Hotel Project News
IHG Italy Signings Give Curtain Buyers A Broader 2027 Project Window
Industry News | BEYOND-CURTAIN News Desk | 06/27/2026
IHG Hotels & Resorts said on June 25, 2026 that four new Italy signings lifted its open and pipeline portfolio in the country above 50 properties. The official release highlights a dual-branded Crowne Plaza and Staybridge Suites Milan NoLo plus new Hotel Indigo and Garner projects. For curtain buyers, that is an early planning signal: conversion and mixed-brand openings need sample discipline and room-package sequencing long before site handover.
What Happened
The source is IHG's own June 25, 2026 release. It says four new signings in Italy took the group's open and pipeline portfolio in the country to more than 50 properties. The newly signed hotels include Crowne Plaza and Staybridge Suites Milan NoLo, Hotel Indigo Apulia Alberobello, and Garner Hotel Turin Porta Nuova.
IHG says the Milan NoLo project is a conversion and rebranding of an existing hotel into a dual-branded upper-upscale and extended-stay offer with 167 hotel rooms, 96 apartments, multiple restaurants and bars, a pool, fitness facilities, and eight meeting rooms covering 1,000 square meters. That combination matters because multi-brand or conversion projects usually create more specification exceptions than a single-format new build.
Why It Matters For Curtain Buyers
Hotel signings create a procurement calendar before there is visible site urgency. Curtain buyers working with owners, contractors, or distributors should use that window to define room types, blackout and sheer pairings, header routes, and any public-area drapery exceptions while the schedule still has room for correction.
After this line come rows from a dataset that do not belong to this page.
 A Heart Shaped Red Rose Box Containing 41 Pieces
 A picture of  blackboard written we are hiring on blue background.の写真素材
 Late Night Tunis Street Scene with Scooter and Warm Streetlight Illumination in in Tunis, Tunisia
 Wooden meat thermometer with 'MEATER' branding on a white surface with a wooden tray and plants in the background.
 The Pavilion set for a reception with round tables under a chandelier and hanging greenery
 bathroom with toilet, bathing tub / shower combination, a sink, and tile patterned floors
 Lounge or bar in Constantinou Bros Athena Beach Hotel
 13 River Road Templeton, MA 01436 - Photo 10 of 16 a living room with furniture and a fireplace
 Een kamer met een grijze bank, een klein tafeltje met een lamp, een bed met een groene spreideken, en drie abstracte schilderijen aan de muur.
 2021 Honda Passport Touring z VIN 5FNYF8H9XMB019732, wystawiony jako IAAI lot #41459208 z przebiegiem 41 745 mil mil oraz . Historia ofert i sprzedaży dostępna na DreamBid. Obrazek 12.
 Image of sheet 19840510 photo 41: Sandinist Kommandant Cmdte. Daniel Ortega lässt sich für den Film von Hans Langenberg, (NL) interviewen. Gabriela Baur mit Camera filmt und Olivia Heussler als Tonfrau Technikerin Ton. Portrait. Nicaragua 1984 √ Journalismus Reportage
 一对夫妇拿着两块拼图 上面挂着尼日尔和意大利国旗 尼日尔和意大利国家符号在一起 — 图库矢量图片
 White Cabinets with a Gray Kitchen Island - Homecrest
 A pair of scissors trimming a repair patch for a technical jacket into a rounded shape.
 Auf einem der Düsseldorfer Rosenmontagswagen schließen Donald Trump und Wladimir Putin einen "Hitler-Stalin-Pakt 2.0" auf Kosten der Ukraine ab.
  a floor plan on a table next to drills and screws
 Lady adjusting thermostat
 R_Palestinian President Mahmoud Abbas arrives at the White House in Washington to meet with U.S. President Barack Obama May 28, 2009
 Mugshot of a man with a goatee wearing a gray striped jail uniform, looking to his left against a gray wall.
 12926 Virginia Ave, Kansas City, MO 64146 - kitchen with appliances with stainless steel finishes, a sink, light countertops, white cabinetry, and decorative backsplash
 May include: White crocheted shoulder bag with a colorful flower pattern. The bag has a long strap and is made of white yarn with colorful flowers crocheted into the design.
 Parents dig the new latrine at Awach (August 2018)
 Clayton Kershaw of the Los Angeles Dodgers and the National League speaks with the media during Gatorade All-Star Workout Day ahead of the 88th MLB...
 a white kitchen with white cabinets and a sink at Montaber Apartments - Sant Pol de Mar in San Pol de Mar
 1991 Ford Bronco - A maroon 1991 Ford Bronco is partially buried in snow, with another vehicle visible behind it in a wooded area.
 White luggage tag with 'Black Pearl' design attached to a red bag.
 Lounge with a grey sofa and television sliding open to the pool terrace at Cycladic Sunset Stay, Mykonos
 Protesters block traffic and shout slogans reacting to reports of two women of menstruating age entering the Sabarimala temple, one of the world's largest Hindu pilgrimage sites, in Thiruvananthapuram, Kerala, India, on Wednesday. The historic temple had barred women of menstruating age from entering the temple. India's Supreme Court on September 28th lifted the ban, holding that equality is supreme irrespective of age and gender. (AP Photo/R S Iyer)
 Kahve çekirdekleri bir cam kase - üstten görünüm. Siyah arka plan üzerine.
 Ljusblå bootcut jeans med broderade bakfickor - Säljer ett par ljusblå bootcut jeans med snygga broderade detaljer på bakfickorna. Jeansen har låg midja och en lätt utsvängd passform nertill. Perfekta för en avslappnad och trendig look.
Conversion projects create an extra layer of risk because existing room layouts, MEP constraints, or staging plans can change what looks like a standard package. A buyer using hotel curtain support should treat early signings as a reason to lock the mock-up process, not as a reason to wait for the final rush.
Procurement Impact
- Project segmentation: separate guestrooms, apartments, suites, meeting rooms, and public areas before asking for one blended quotation.
- Conversion risk: confirm whether the hotel is adapting existing tracks, pockets, or room conditions that may change curtain construction.
- Sample timing: use the long opening window to approve blackout, sheer, and workmanship references early.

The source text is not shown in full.